Our end goal with documentation is:

Everything’s an Iteration

With documentation, it’s easy to get stuck in the trap of trying to make everything perfect. But, a page with some bullet points is better than no page at all. Heck, a blank page that’s just a title is better than no page at all. The next person who uses the page can add to it and update it. You can also add to it later.

It’s important to remember that everything is changing, and that everything is an iteration. Default to action on creating and writing documentation, then make improvements as you’re able.

Improve Documentation

As you use documentation, improve documentation. Situations change, processes change, and people come up with new solutions to things. Once in place, documentation shouldn’t be a huge novel-sized project you do. Instead, it’s a little here and a little there over a long period of time.

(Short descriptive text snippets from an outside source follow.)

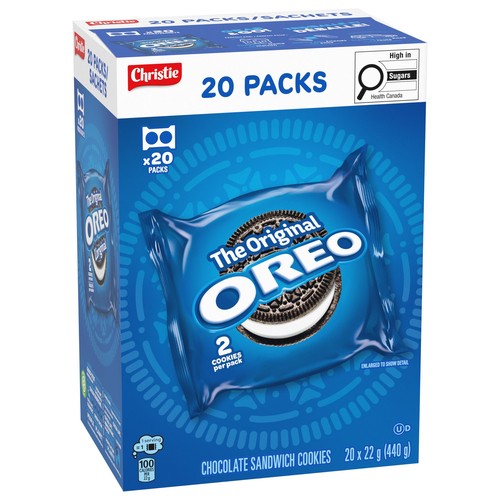 Oreo Sandwich Cookies Original 20 x 22 g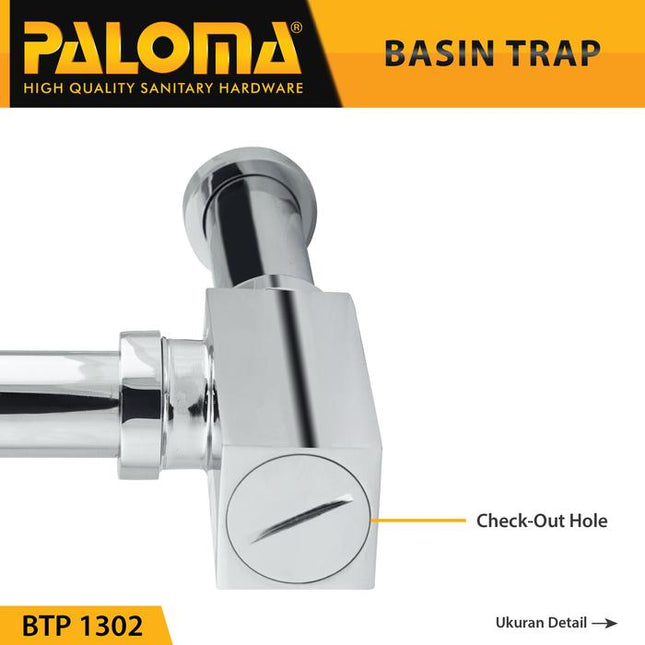 Sifon Wastafel Bottle Trap PALOMA BTP 1302 Pembuangan Botol Siphon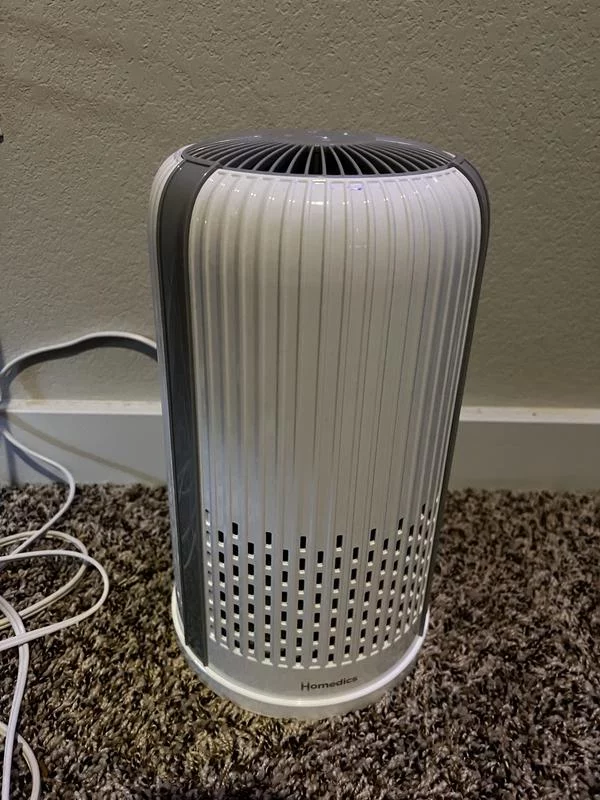 3-in-1 HEPA Air Purifier for Small Rooms & Desktops - Captures 99.97% of Allergens, Smoke, and Odors - Quiet & Efficient Filtration photo review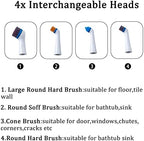Electric Cleaning Brush with 4 in 1 Multiple Brush Heads,Indoor Household Cordless Motorized Brush for Bathroom Toilet Kitchen Tile Crevice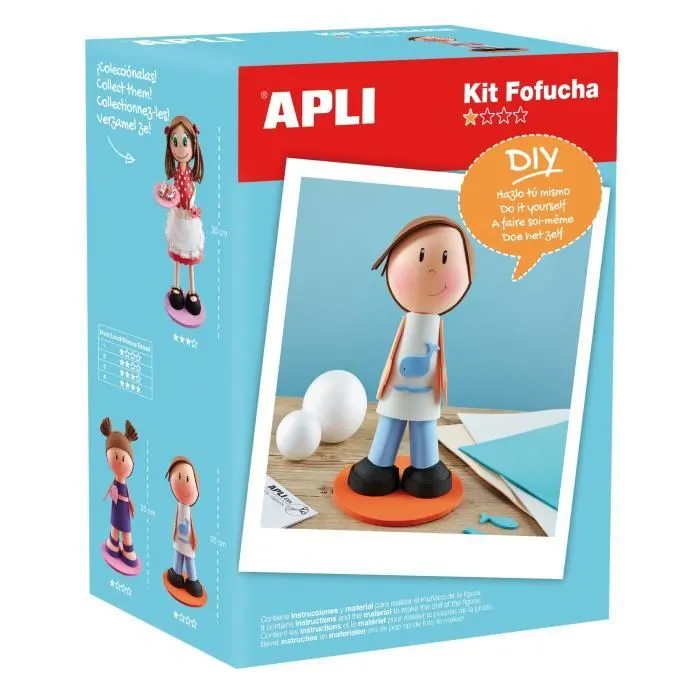 Kit mousse EVA Poupée Fofuchas - Garçon - APLI AGIPA - Fofucha Garçon - Enfant - 8 ans-0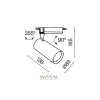 Трековый светильник Technical TR003-1-26W3K-S-W Maytoni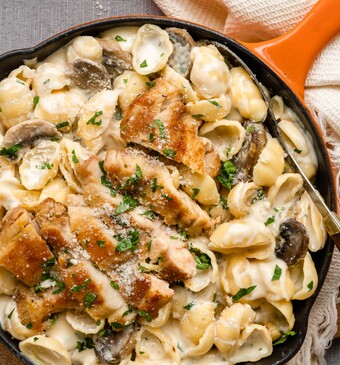 Chicken parmesan pasta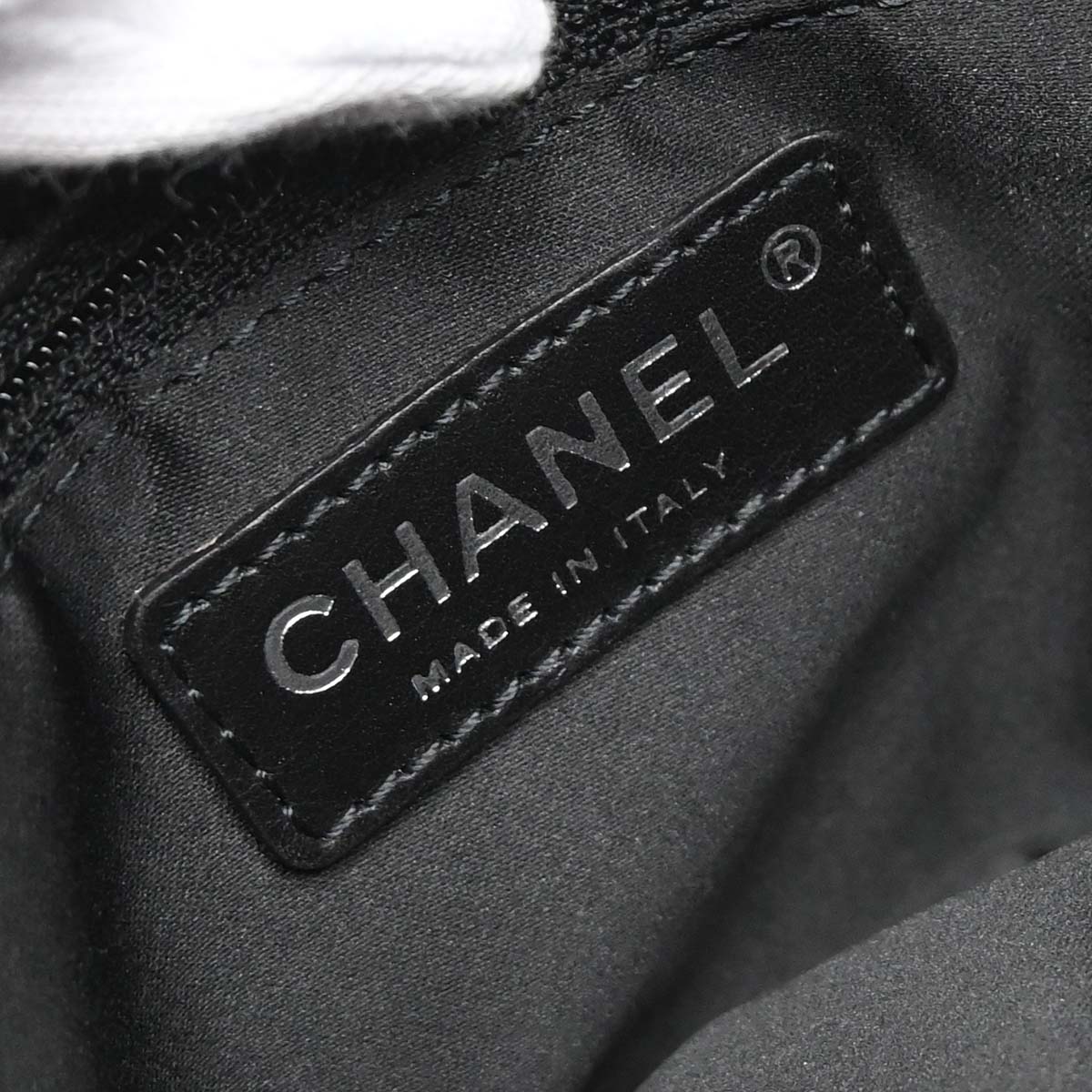 Chanel Black Lambskin 3 Accordion Flap Shoulder Bag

But, it should be consistent.

Meeting / Discussion / Decision 🔀 Documentation

As you meet, discuss, and make decisions, it’s important to think about what information needs to be pulled out. Not everything needs to (if it’s just “the work” of a project, for example), but there are times where something affects how we do our work. In those cases, it’s important to remember to default to documenting it first.

Pull and document information from Slack, when someone answers a question.

At the end of a meeting, make a checklist of what needs to be documented.

Etc.

Link, Link, Link

Link documentation together as you’re able. Although thorough documentation is good in the sense that colleagues can get things done without relying on someone else, it can take a while to absorb everything that’s there. When you can, and when it makes sense, link to other relevant pages of documentation to help distribute access to more knowledge.

Content in Context

Documentation should live within the right context. Think: what will the reader be trying to do? Where will they go and look for this? What is the function / result of this document I’m writing and working on?